● Required work
No line before the one holding "A kitchen with" is wanted; restate word for word that line and all lines after it to the end of the entries, excluding pictures.

━━━━━ Excerpted data ━━━━━

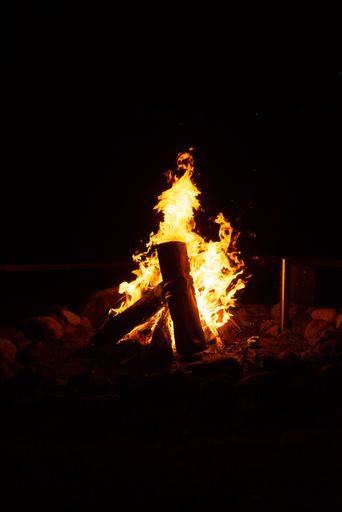 The vertical view of a campfire burning in the darkness of the night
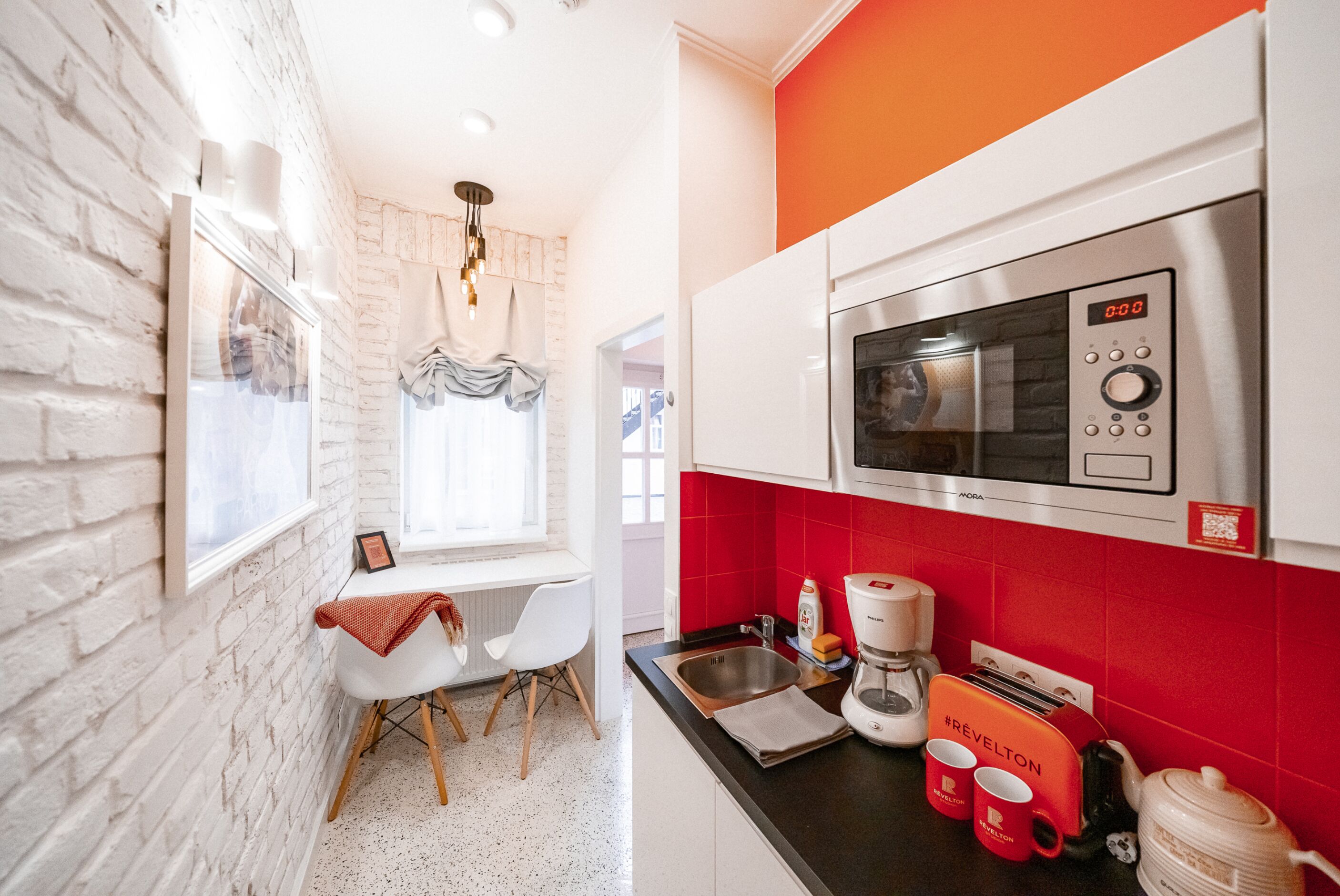 A kitchen with a microwave, toaster, and coffee maker. There is a window with a view of the outside, a white chair, and a red wall.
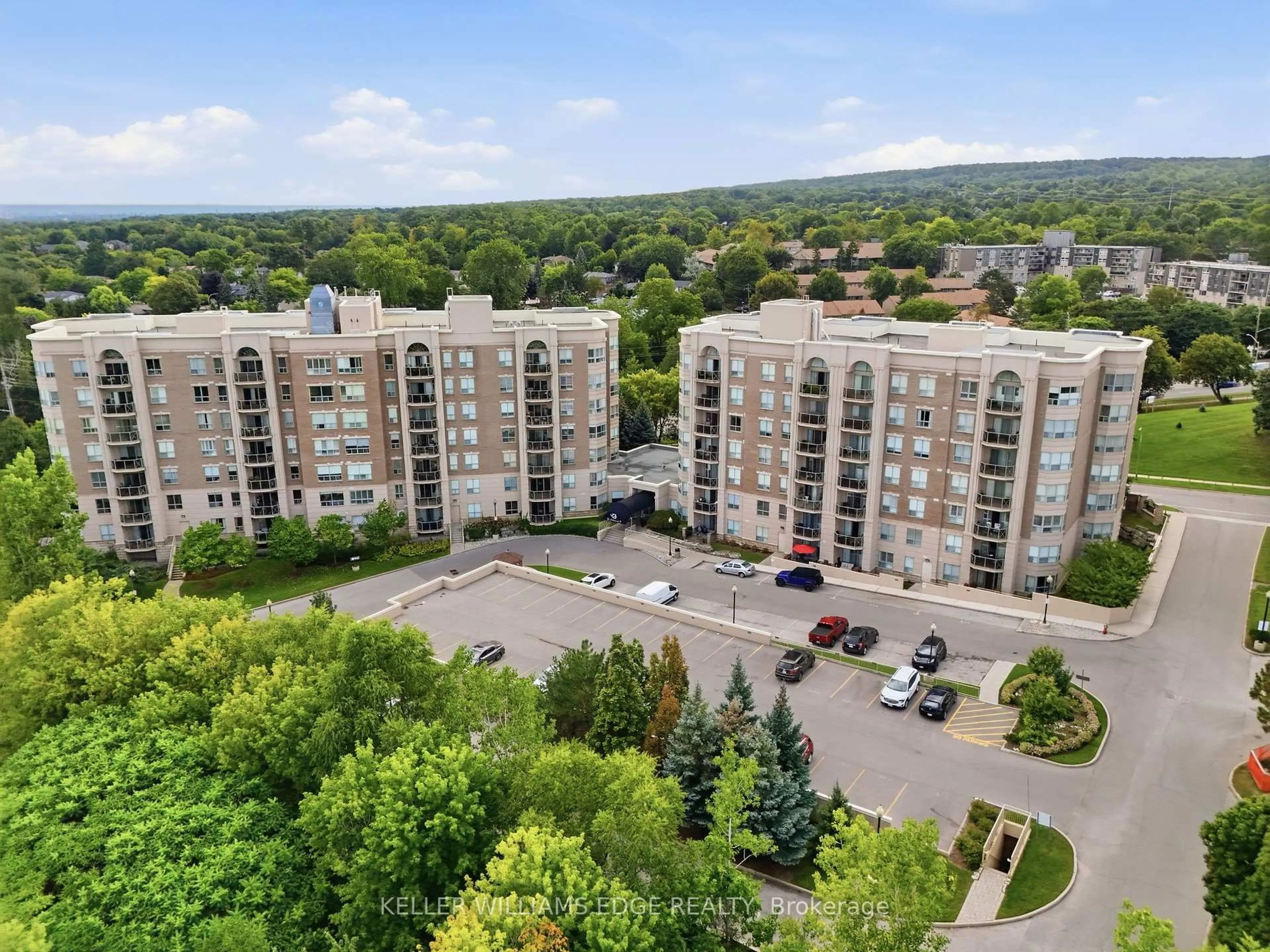 A pic from outside/outdoor area/front of a property/back of a property/a pic from drone, unknown for 2085 Amherst Heights Dr #613, Burlington Ontario L7P 5C2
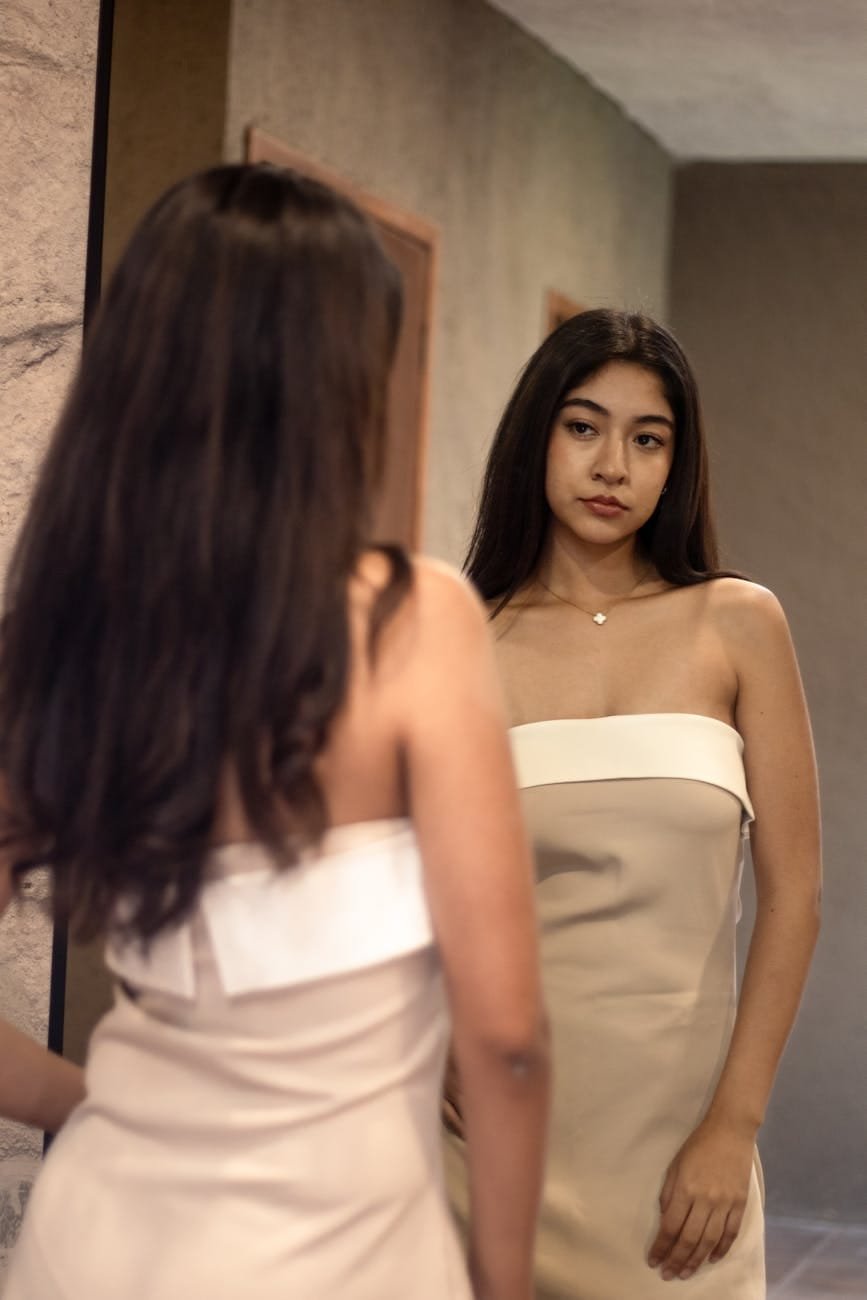 elegant woman looking in mirror indoors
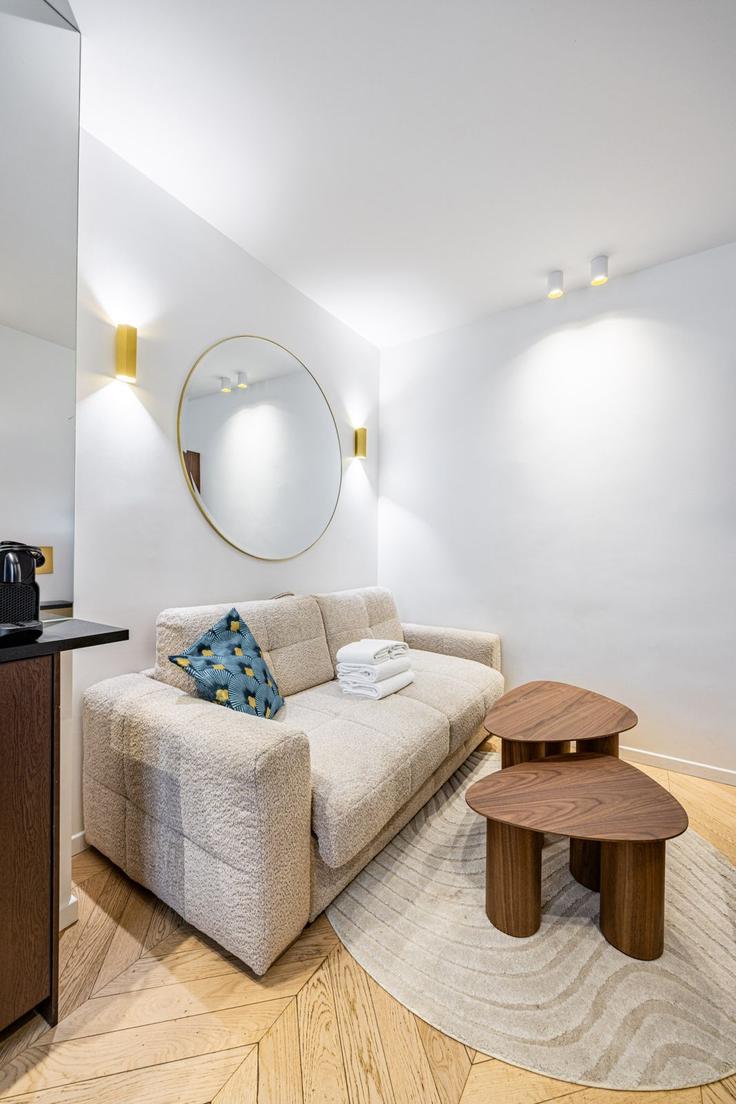 Elegantly designed living room with modern furnishings in an apartment at Building Rue des Vignoles - evengestion - 1239556 - PAR in 20th arrondissement of Paris, Paris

━━━━━

● Expected answer
 A kitchen with a microwave, toaster, and coffee maker. There is a window with a view of the outside, a white chair, and a red wall.
 A pic from outside/outdoor area/front of a property/back of a property/a pic from drone, unknown for 2085 Amherst Heights Dr #613, Burlington Ontario L7P 5C2
 elegant woman looking in mirror indoors
 Elegantly designed living room with modern furnishings in an apartment at Building Rue des Vignoles - evengestion - 1239556 - PAR in 20th arrondissement of Paris, Paris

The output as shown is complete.